Who is this Christ? We are given one insight into His character in the psalm we just heard:

Who is this king of glory?
    The LORD, strong and mighty,
    the LORD, mighty in battle.

And who is Our Lord doing battle with?  Saint Paul in his letter to the Hebrews which we just read tells us that he was born so that:

that through death he might destroy the one
who has the power of death, that is, the Devil,
and free those who through fear of death
had been subject to slavery all their life.

In confirmation, my dear brothers and sisters, you have pledged yourselves to offer support in Christ’s battle with the Devil. All of you will do battle with the Devil, and, “With the power of the Spirit” you will be “strong and mighty” and “mighty in battle.” You are called to do battle like Christ, and like Him, you will triumph.

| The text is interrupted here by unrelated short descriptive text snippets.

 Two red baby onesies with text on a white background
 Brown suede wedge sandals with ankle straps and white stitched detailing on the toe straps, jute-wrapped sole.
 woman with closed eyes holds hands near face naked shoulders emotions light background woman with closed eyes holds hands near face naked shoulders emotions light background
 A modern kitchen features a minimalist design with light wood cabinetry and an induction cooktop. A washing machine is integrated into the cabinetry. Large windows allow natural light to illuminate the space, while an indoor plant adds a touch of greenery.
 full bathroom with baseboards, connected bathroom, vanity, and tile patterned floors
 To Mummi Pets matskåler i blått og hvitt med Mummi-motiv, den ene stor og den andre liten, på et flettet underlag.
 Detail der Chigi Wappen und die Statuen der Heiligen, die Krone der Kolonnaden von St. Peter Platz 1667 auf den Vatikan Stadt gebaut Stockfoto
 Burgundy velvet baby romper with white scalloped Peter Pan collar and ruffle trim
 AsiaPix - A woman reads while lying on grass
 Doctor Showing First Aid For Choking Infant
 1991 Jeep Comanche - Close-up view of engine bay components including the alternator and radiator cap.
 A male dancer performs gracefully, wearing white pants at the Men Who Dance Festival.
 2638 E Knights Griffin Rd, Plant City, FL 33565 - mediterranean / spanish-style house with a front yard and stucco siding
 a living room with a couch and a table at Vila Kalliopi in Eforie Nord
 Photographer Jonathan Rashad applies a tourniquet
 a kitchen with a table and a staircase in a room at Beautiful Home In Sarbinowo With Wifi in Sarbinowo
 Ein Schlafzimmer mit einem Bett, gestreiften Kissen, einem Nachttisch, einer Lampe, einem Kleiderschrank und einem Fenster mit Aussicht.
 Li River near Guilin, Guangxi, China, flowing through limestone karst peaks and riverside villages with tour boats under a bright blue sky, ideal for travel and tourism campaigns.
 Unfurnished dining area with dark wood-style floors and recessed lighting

However, to triumph, and to fully reap the power of the Holy Spirit, and to be in the Spirit, you will have to be righteous and devout, keeping your eyes always on His law. If you do this, then at the end of your life, after you have spent a lifetime doing battle with the Devil, you will be able to make your own the words of Simeon in the Temple, as he held the Lord in his hand, the words of our Holy Mother Church at the end of every day:

Now, Master, you may let your servant go 
        in peace, according to your word,
    for my eyes have seen your salvation,
        which you prepared in the sight of all the peoples:
    a light for revelation to the Gentiles,
        and glory for your people Israel.

May God bless and be with you, now and always.

(This homily was first preached to a group of newly confirmed parishioners of Ambarnath, at the mission station of Dapada, Silvassa on 2 Feb 2025.)